У-ван имел три тысячи воинов, называвших себя «тиграми», и три сотни отборных колесниц, когда он в день цзя-цзы победил в битве при Муе и взял в плен Чжоу. Он отличил разумных, раздав им должности, и оказал покровительство старым и удалившимся от дел при иньском правлении. Затем он осведомился о нуждах народа. Наградами он не обходил даже птиц и зверей, наказания при нем не мог избегнуть даже сын неба. К иньцам он относился так же, как к родным ему чжоусцам. На людей он смотрел, как на самого себя, вся Поднебесная радовалась его дэ, народ толковал о его верности долгу, потому он и стал сыном неба.
У циского Хуань-гуна было триста добрых боевых колесниц и десять тысяч хорошо обученных воинов, составлявших ядро его войска.
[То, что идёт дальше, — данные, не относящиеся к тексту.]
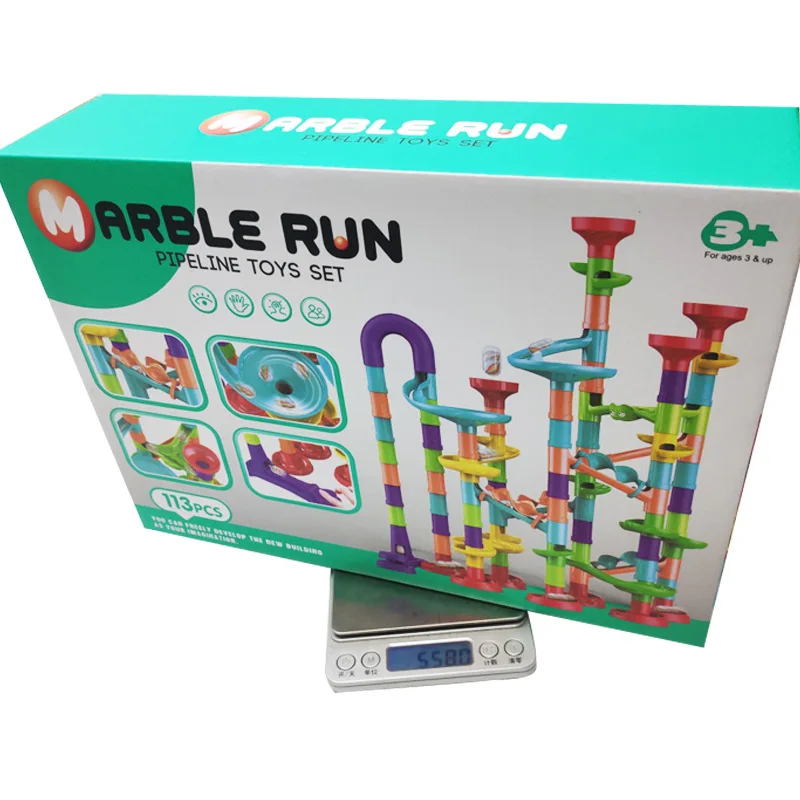 Hot selling Marble Run Toy Set 113pcs Pack Educational Toys For Kids Marble Run Building Blocks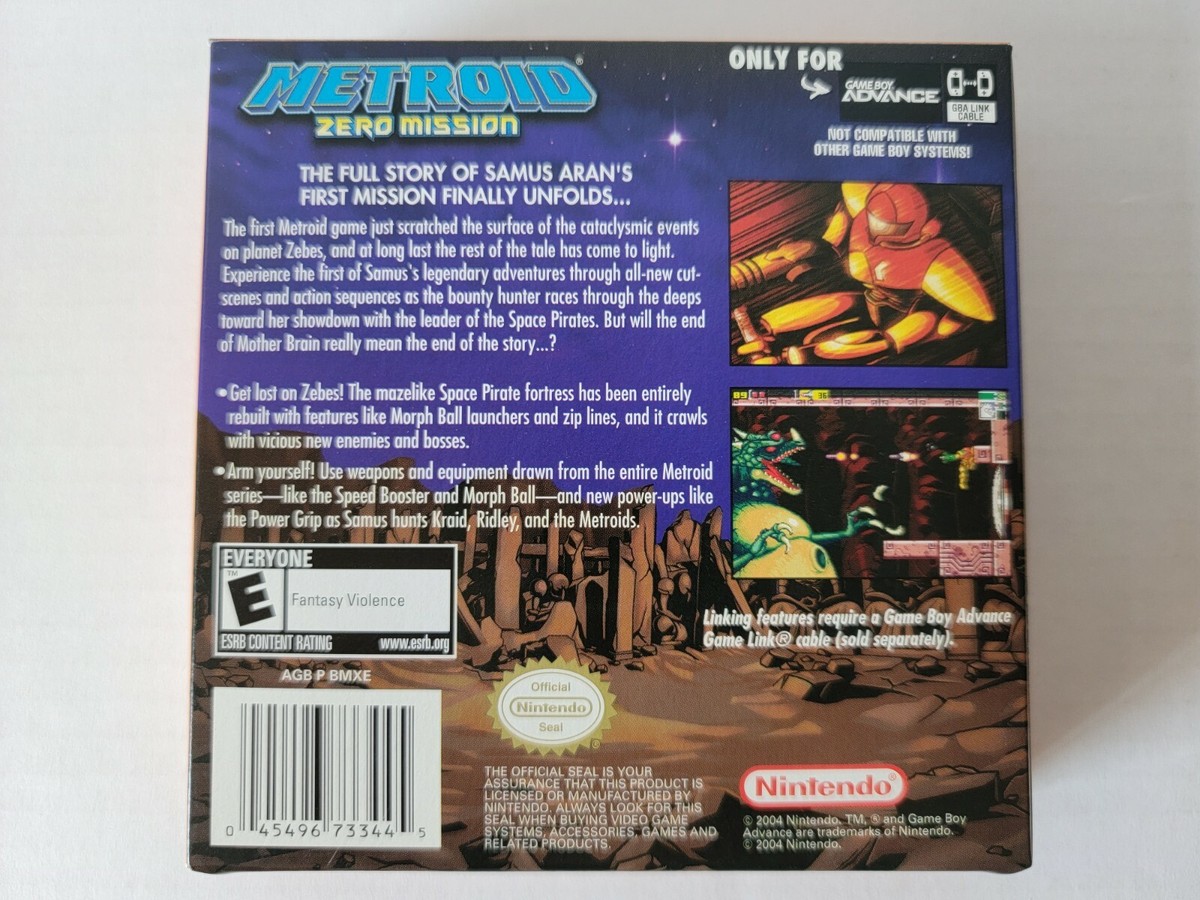 METROID ZERO MISSION MINT BOX & BOOK COMPLETE GBA CIB Zero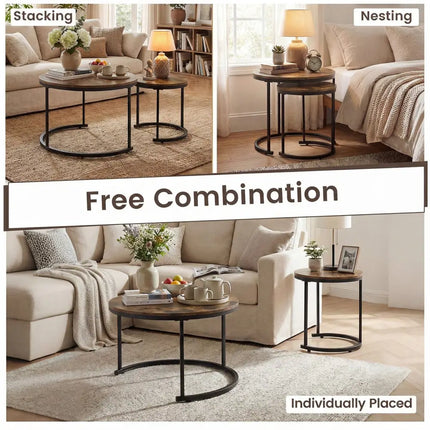 Set of 2 Modern Round Stacking Nesting Coffee Tables for Living Room-Rustic Brown - Rustic Brown - Coffee Tables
С этим войском он прошел вдоль и поперек землю среди четырех морей, и никто в мире не смог бы его остановить. На юге он дошел до Шиляна, на западе — до Фэнго, на севере — до Линчжи. Так как царство Син было уничтожено царством Чжуншань, а царство Вэй — варварами ди, Хуань-гун заново основал Син в Ии и заново основал Вэй в Чуцю.
Цзиньский Вэнь-гун построил пять колесниц для пяти воинов в каждой. Обученных солдат у него было тысяча человек. Они первыми встречали врага. Никто из чжухоу не мог воспрепятствовать ему. Он срыл стены Чжэн, заставил вэйцев перенести свои могилы на восток и почтил сына неба в Хунюне.
Уский Хэ Люй отобрал пятьсот силачей, обучил три тысячи быстроногих воинов, превратив их в передовой отряд. Он пять раз бился с чусцами и пять раз брал верх. Затем он взял столицу Чу город Ин. На востоке он дошел походом до Билу [Кулу], на западе захватил земли до Башу, на севере потеснил Ци и Цзинь; его повеления исполнялись по всему срединному царству.
Итак, занимая оборону, следует стремиться к тому, чтобы место было удобным; выбирая доспехи и вооружение, следует стремиться к тому, чтобы они были крепкими; создавая войско, следует стремиться к тому, чтобы ратники были обученными. Эти четыре вещи — большое подспорье воинству, верному долгу, ибо они сообразны смене времен. Нельзя оставить без особенно пристального внимания сказанное, ибо в нем — верное средство побеждать.
ГЛАВА ЧЕТВЕРТАЯ
О победе / Цзюэ шэн
В военном деле есть корень и есть ветви. Больше всего необходимы верность долгу, смекалка и отвага. Верность долгу оставляет врага в одиночестве. Оставшись в одиночестве, он и наверху, и внизу сможет опереться лишь на пустоту, ибо народ покинет его, попрячется, отцы и старшие братья станут на него из-за этого одиночества гневаться; умники будут его осуждать, и в душе его поселится беспокойство.